Adams v. State

Garrard, J.

Chester Adams was convicted of armed robbery. Adams elected to testify at the trial. During his cross examination the prosecuting attorney was permitted, over objection, to inquire about Adams’ conviction two years earlier for assault and battery with intent to commit a felony, robbery. Concededly, the question was asked solely to attack Adams’ credibility.1 The only error assigned on appeal is the admission of this evidence.

The state’s argument asserts only that if admission of the evidence was error, there was such overwhelming evidence of guilt that the conviction should be affirmed. We disagree. The bartender who was on duty when the robbery occurred and a customer both positively identified Adams as the robber. Adams and a corroborating witness denied *166his participation. However, there was no other evidence presented such as retrieved fruits of the crime, paraphernalia used in its commission, apprehension at or near the scene, etc. to overwhelmingly link Adams to the offense. We are therefore unable to say that the evidence of guilt was so overwhelming as to render the potential error harmless. See, e.g., Whitten v. State (1975), 263 Ind. 407, 333 N.E.2d 86; Hamp v. State (1973), 156 Ind. App. 104, 294 N.E.2d 817.

Was it error to permit the question? We hold it was not.

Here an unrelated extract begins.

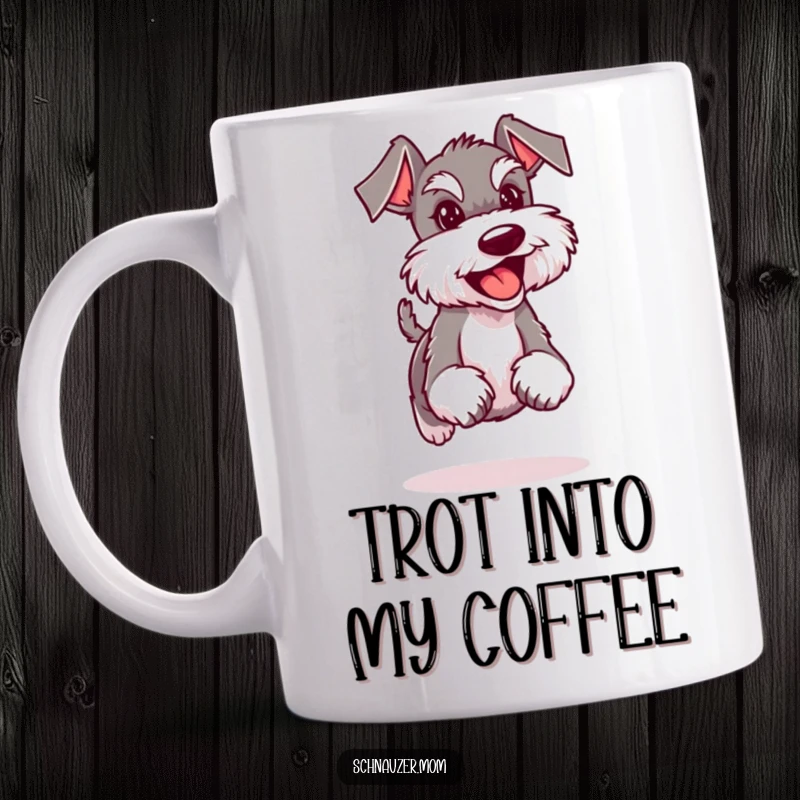 Funny Schnauzer lady mug showing a dog confidently trotting with a happy, cheerful expression, radiating positivity and joy.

In Ashton v. Anderson (1972), 258 Ind. 51, 279 N.E.2d 210, our Supreme Court held that mere conviction of a criminal offense without any regard to the nature of the crime was not sufficiently relevant to permit it to be shown for impeachment purposes. Ashton held instead that two basic categories of prior offense might be shown. The first category consists of the modern counterparts to the crimes which rendered a witness incompetent at common law: treason, murder, rape, arson, burglary, robbery, kidnapping, forgery, and wilful and corrupt perjury. The second category consists of crimes of “dishonesty or false statement.”

In Mayes v. State (1974), 162 Ind. App. 186, 318 N.E.2d 811 (transfer denied) the court was confronted with the admissibility of precisely the same prior offense, assault and battery with intent to commit a felony, to-wit: robbery, presented in this case. Noting that the intent necessary to robbery included the intent necessary for theft and that the offense in question required proof of intent, the court held that evidence of the conviction was admissible as establishing a crime of dishonesty pursuant to the rule of Ashton.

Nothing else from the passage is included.